Kody has an appointment the 26th to see the MDA clinic and to see the wheelchair specialist.  This means that he will be getting fitted for new wheelchairs.  He will need a manual for some things and an electric for others.  At this appointment I will have to get the letter to enroll him in school.  The verification is to get his home bound services.  Once that is obtain then I have to enroll him in the high school then get transferred to the home bound program.  Which means that the high school will probably be fed up with paperwork by the time they are through with Kody's case but it will get handled.  He would love nothing more than to return to the 'normal' school setting and I would love nothing more than allowing him to but health doesn't warrant that.  Not to mention he would be overwhelmed if put back into the setting.  Just simply being at the pool surrounded by his able body peers would be hard and he would insist on leaving.  

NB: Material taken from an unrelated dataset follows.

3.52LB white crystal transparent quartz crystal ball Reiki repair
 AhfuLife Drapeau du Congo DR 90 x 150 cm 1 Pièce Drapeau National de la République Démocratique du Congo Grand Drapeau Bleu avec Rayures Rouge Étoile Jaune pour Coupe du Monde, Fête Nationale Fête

The Lasix every other day has seemed to keep down the edema which has been good.  In a couple of months I will be calling the Cardiology office to set up for another appointment.  He isn't due to see that doctor again until November.  He had been seeing the cardiologist every 2-3 months but both the doctor and I felt comfortable with honoring Kody's wishes to be seen only once every 6 months.  Insurance only allows for an echocardiogram once every 6 months so the other appointments were only basic assessment and an EKG.

Once he has the new electric chair he may want to get out of the house more often.  Though he has became sensitive to the bright light outside so may also invest in some new sunglasses.